Ichiro calls victory ‘greatest moment’


SAN DIEGO — For Team Japan to be No. 1, Ichiro Suzuki had to bat No. 3.

News photoIchiro Suzuki pours champagne over Japan manager Sadaharu Oh during celebration.

And Ichiro is higher than he’s ever been.

“This is probably the biggest moment of my baseball career,” the superstar said following Japan’s victory in the WBC final over Cuba on Monday night.

Ichiro has come far in the WBC since saying that he should retire if he was pleased with his sub-.300 early-round batting average.

He has been mocked and booed by Korean fans who didn’t like his saying that he “wanted to beat Korea so bad the Koreans wouldn’t want to play Japan for 30 years.”

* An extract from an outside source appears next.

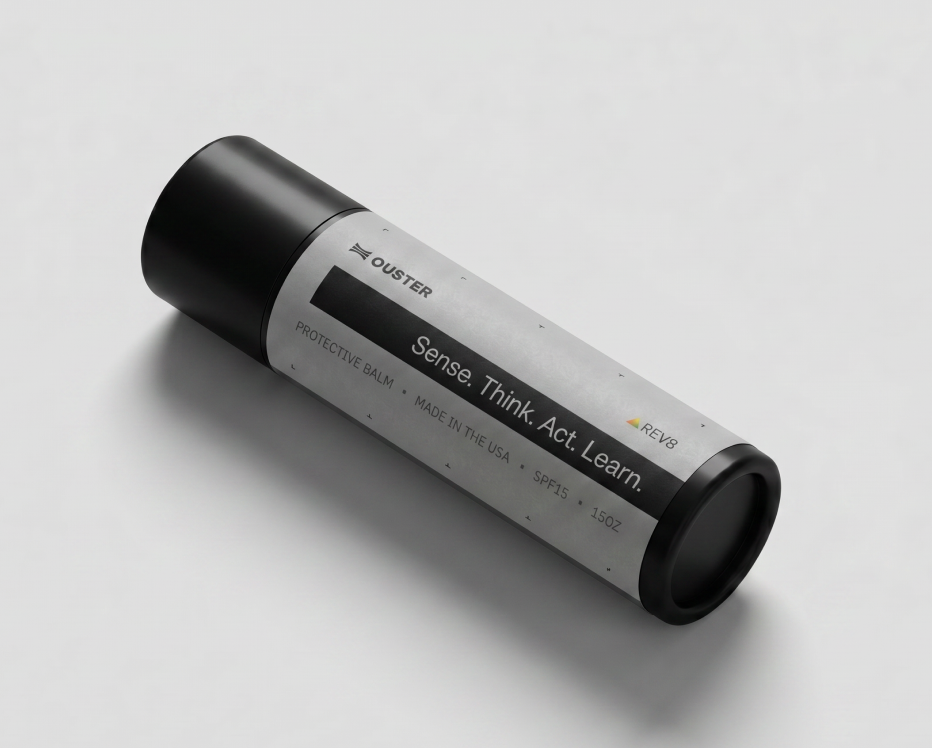 Ouster protective balm in silver and black packaging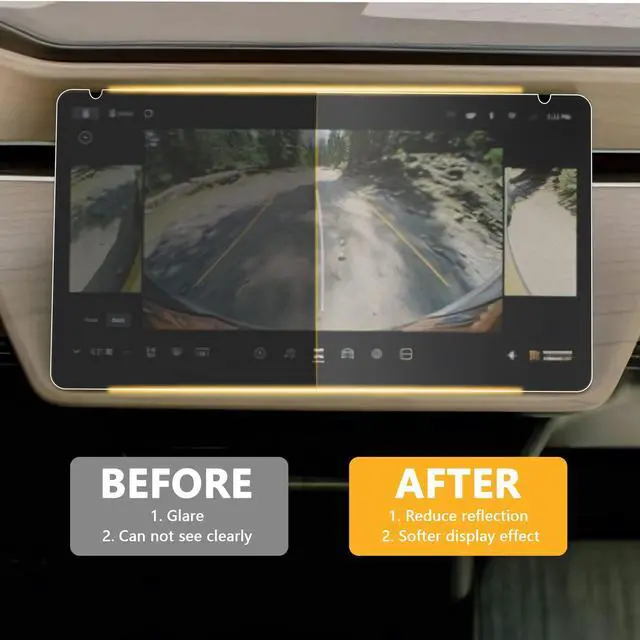 Alt view image 2 of 5 - RERPRO Tempered Glass Screen Protector Compatible with 2022 2023 2024 2025 2026 Rivian R1T R1S Interior Accessories Dashboard Touchscreen Touch Display Matte 9H Hardness Tempered Film, 3 Screens Bundl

And now that he has finally won a championship on American soil, Ichiro really likes champagne.

“You have to respect the old guy,” shouted Ichiro, hat on backward and covered in champagne in the clubhouse.

He himself, Ichiro said, was the old guy, and although he is not the oldest guy on Team Japan’s roster, his numbers sure looked that way after the first two rounds, when he hit .291 through the first two rounds.

Not terrible for a power hitter, but far below Ichiro’s expectations and what Sadaharu Oh had expected from his leadoff batter.

No problem, just take him out of the one-hole.

“I’m no magician, so I wasn’t expecting us to score more runs with Ichiro batting third,” Oh said. “Our lineup wasn’t scoring many runs, so I was taking a gamble by putting Ichiro at the No. 3 spot. I thought it would be better to do something than nothing.”

With luck like that, Oh should take his show to Las Vegas.

Ichiro was 6-for-9 at the plate in the final two games, and Japan’s offense ran like a brand new Corvette, plowing through the semifinals and finals without much peril.